We’re going to have to rain check on our Mother’s Day festivities, since I’m living in a different state and all, but I thought I’d give you a blog post instead of sending you something. Amazon recommended that I buy you a diamond pendant, but I’m going to go with this…


You are the easiest person to talk to in the entire world—I have no doubts. Even about things that are supposed to be hard to talk about or that no one else talks about with their mom. You’re not just a friend that’s a good listener though; you’re my mom. You give me mom advice and mom praise and you help me talk through problems. You’re really good at the praise part though. For example, you can make me feel great in a dressing room, which can be a depressing place. Most people can’t wear turtlenecks like you can, Sarah. I also think your shoulders are really pretty. I didn’t even know shoulders could be pretty. Now, I’m incredibly confident about my shoulders. I must have got my ego from you. Nah, I did that without any help—are you impressed?

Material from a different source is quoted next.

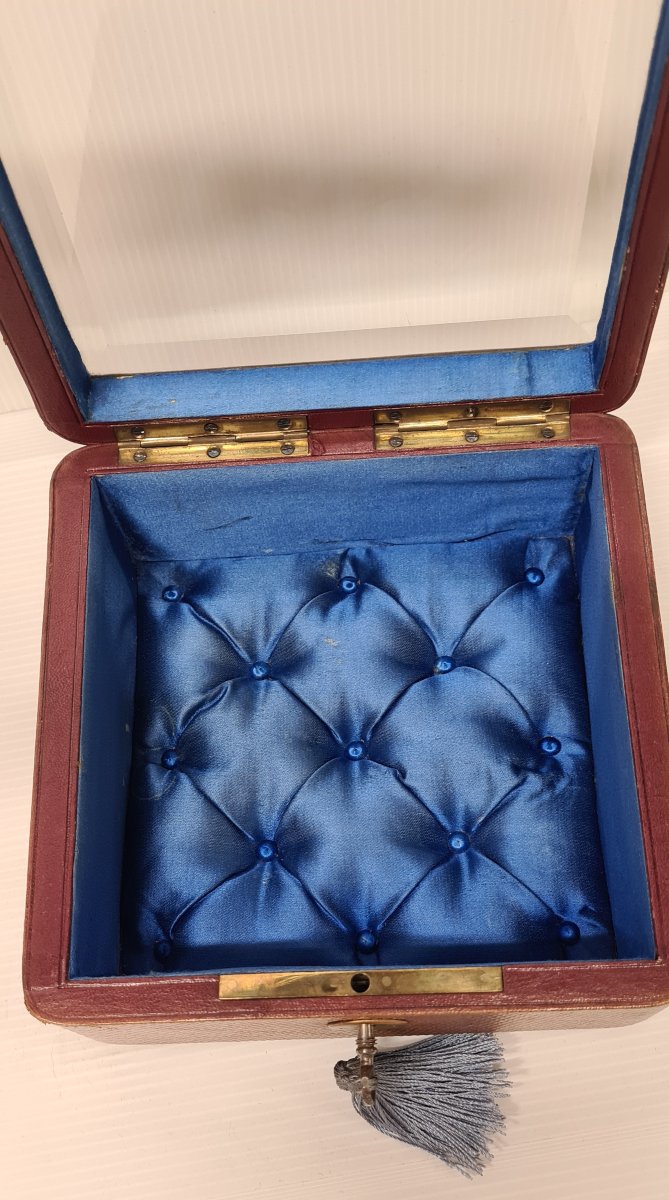 BOITE VITRINE OU COFFRET À BIJOUX NAPOLEON III XIXEME -photo-4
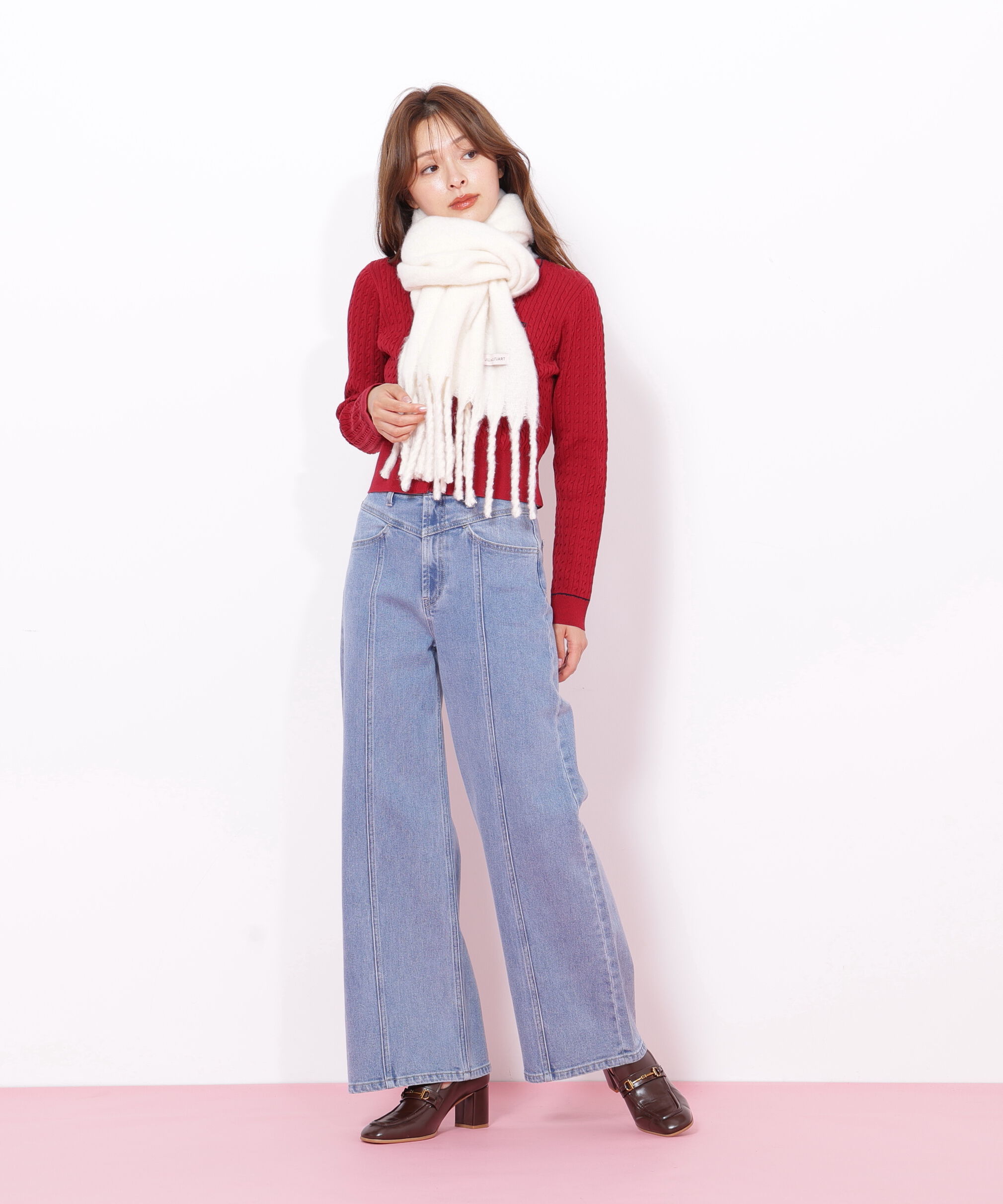  「ループヤーンフラッフィーストール」|バンダナ・スカーフ|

Come to think of it, I think I got my sense of humor from you. Remember when my kindergarten teacher told you that I was a little sarcastic? I have no idea where that came from… I have to say, I wish I was being sarcastic about my outfit in the picture below, but I seem to genuinely think I'm lookin' cool.


You spin terrible situations. You don’t sugar coat things or turn into a maniacal cheerleader or anything, you just calmly reason out the good while remaining empathetic. I’m really impressed with how mature and classy you’re being about this break-up. I got dumped. But, somehow you salvaged something from the wreckage every time. Your Marie Callendar’s uniform is ugly, but that color looks nice on you and at least you don’t have to waste real clothes on work. And when situations are too terrible to spin, you just nod and that makes me feel better too—like seventh grade, or when Daddy fell.

Growing up, you read me books out loud while I bounced around on the end of the waterbed. If I ever have kids, I have only one plan: they’re going to hear Little House on the Prairie, The Chronicles of Narnia and Harry Potter before they fall asleep. 


Also, if you could give my children “the talk” I’d really appreciate it. You were pretty amazing at Halloween costumes too—I should say you are pretty amazing, because Star Wars 2009 wasn’t too long ago. I was half Dorothy/half Scarecrow one year—you can’t buy that one at a store. I’m pretty positive there isn’t a pattern either.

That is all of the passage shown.